The trustees of the New School, an eclectic university in downtown Manhattan, selected David E. Van Zandt, dean of the Northwestern Law School, on Thursday to be its eighth president.
Dr. Van Zandt, 57, will replace Bob Kerrey, a former Nebraska senator and presidential candidate, whose nine-year tenure was characterized by a huge expansion of the university, but also by student sit-ins and criticism from the faculty over what his detractors said was an autocratic leadership style.
Mr. Kerrey, who will be 67 on Friday, announced in May 2009 that he would step down when his contract expired in July 2011. He will instead stay on through the end of December 2010.
The contrasts between the two leaders are immediately apparent. Dr. Van Zandt is an academic, not a politician, and has a reputation for driving change through low-key, data-driven discussion and consensus. Mr. Kerrey is the first to admit he loves controversy and welcomes passionate debate.
Dr. Van Zandt will be charged with further integrating the disparate pieces of the New School, which has eight academic divisions, including the well-known Parsons the New School for Design and the less-known Eugene Lang College the New School for Liberal Arts. (Among the things Mr. Kerrey was criticized for were those awkward names, part of a branding effort in 2005 that aimed to improve cohesion. Indeed, Dr. Van Zandt said that when he was contacted about the job, he did not know Parsons was part of the New School.)
Mr. Kerrey centralized much of the university’s administrative and operational functions, but said there was still work to be done to integrate the academic divisions. “It is no longer is a confederation, though there are people who think it should be,” Mr. Kerrey said Thursday.
Michael J. Johnston, the chairman of the board of trustees, said the search committee and board were attracted to Dr.

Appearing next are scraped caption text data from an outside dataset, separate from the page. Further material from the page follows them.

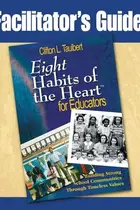 Book cover of Facilitator's guide, Eight habits of the heart for educators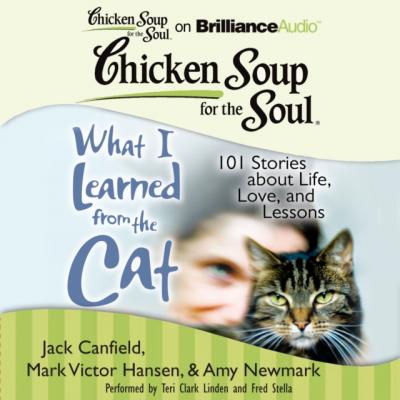 Chicken Soup for the Soul: What I Learned from the Cat - Джек Кэнфилд 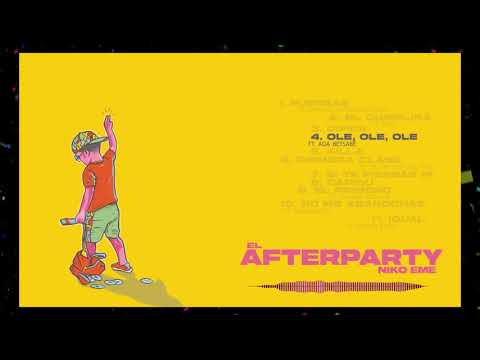 Niko Eme - Ole, Ole, Ole (Ft. @adabetsabe) #ElAfterparty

Van Zandt’s record of change at Northwestern. “He stood out as a person of balance — not only an academic and someone who loves order and process, and not only a teacher with a passion for learning, but someone who spent 15 years as a really good agent of change at Northwestern.” Mr. Johnston said.
He said the search committee was originally concerned that Dr. Van Zandt’s leadership experience — at a law school — was too narrow, but as the interviews progressed, it was clear he had the breadth they sought.